| The task |
Retype exactly the span of lines below from the one with "<em>Mustela erminea</em>, Ermine. [C 30004]" through the one with "Momma Pots Gemstone Low Bowl and Saucer". Do not include pictures.

| Task data |
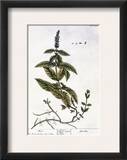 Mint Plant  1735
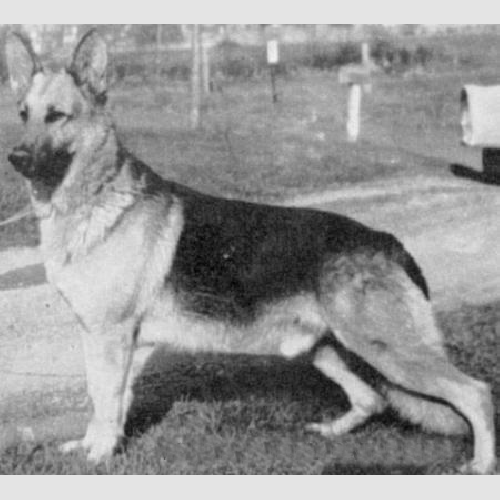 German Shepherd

==

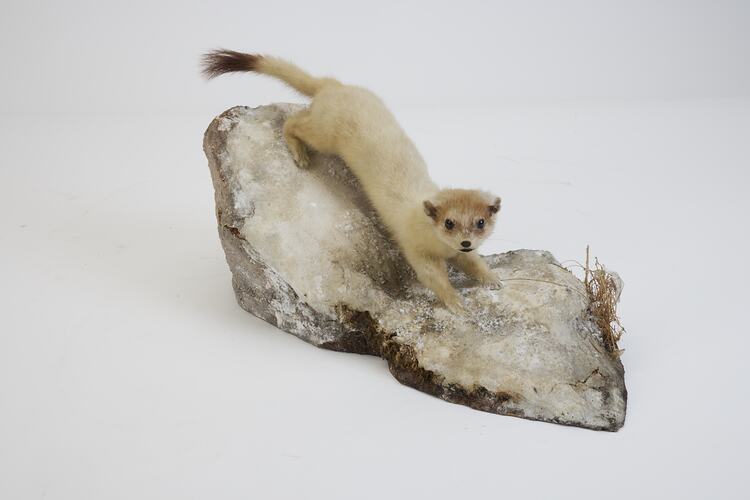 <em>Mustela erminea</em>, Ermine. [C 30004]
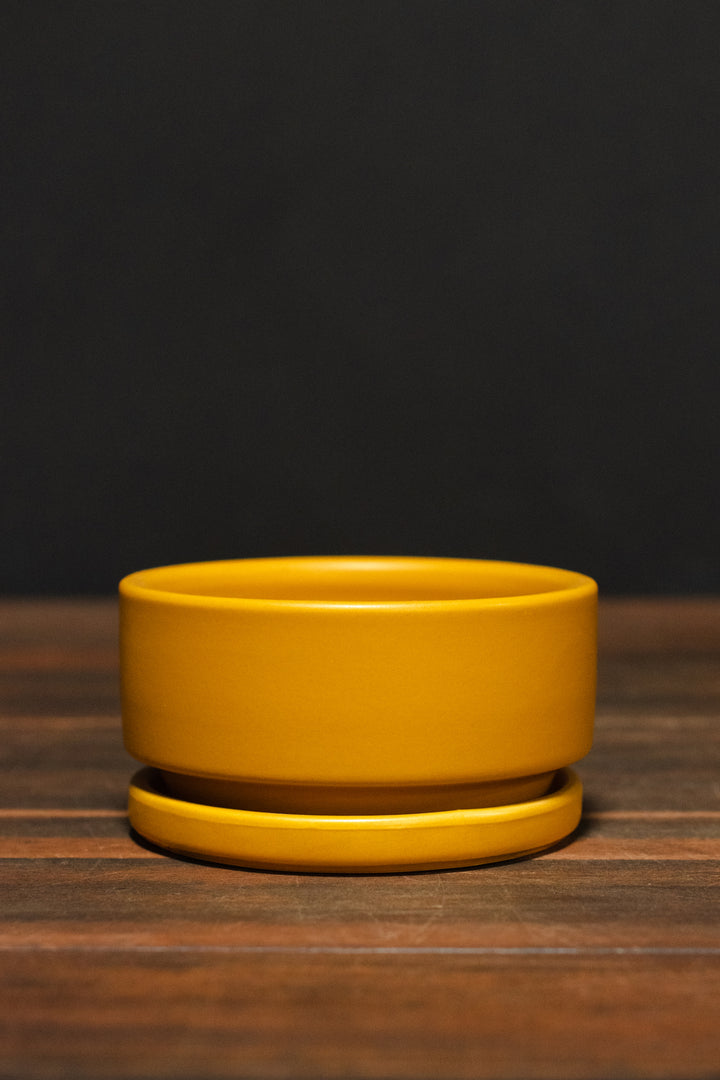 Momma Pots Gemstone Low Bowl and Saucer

| Problem solution |
 <em>Mustela erminea</em>, Ermine. [C 30004]
 Momma Pots Gemstone Low Bowl and Saucer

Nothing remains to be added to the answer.